Sour and Cream Onion lays:
The whole dream was centered around me and Sour and Cream onion lays characters included were me, cassie, demeara.
(I always think of Lucidity in some of my dreams like WTF!!!!!!!!!!!!!!!!)

----------


## NyxCC

Cool dream! Have you ever transformed to a cat in a nld?

----------


## blazingnyancat

@NyxCC
A couple but anyways couldn't remember the past 2 nights...dream wise... D:
One of my NEW Dream Goals are going back in time and also be in my past body while im in that time so it fits manipulate time so I can relive a whole day from the past but change tiny things and explore my past.

----------


## NyxCC

You have? That's really fascinating. It could be easier for you to adopt the feline form if you decide to in future lds. We already have a wolf pack group, at some point we have to create a feline group.  ::D: 

Great new goal!

----------


## blazingnyancat

@NyxCC 
I should be leader and you could be co-leader?

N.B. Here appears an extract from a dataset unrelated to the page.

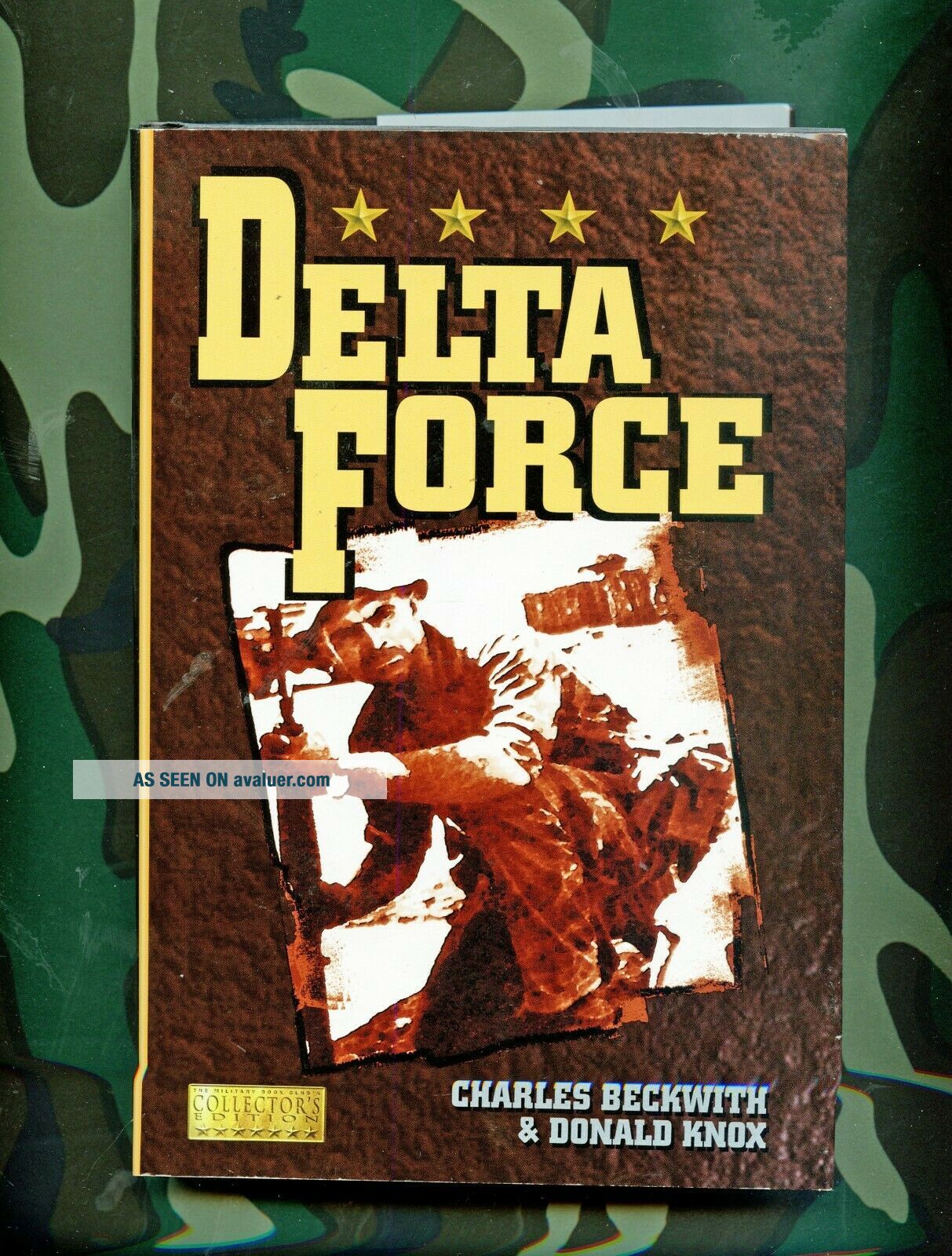 USA BOOK Delta Force | #363097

I like cats...! Maybe it could be like Warriors by Erin Hunter like with Clans.
BTW...what do you mean by adopt a body?
Vegeta shopping:
Location - Supermarket, Subway?
Characters - Vegeta, Kid
Vegeta was shopping at the supermarket he was really happy and, he pat a child on his head. (DBZ VEGETA) And, he went outside with his grocheries he was thinking about going to Subway. 
I don't remember if this was 3rd Person or 1st Person...
MOOLONG:
Location - My Room
Characters - Me, Dad
I had so much money many 100s no all 100s I had like over 9000!!!!!!!!!!!!!! 100 dollar bills I was thinking about taken a selife with a 100 dollar bill...
DS GAME:
Location - My Room
Characters - Me
I was sitting on my bed a Naruto DS game came out from below my butt I grabbed it phew It could've gotten crushed!

----------


## blazingnyancat

@NyxCC
Oh I think I know what you're talking about you use a cat body for your LD's!
I'm thinking about going to a Adopt a Body Shop its free and you goto the body you want they have millions!
It shows the body in the orb and you walk through the orb and in 1 second you're in that body and in a different location.
BTW, I had no dreams that I remember.

----------


## NyxCC

> Oh I think I know what you're talking about you use a cat body for your LD's!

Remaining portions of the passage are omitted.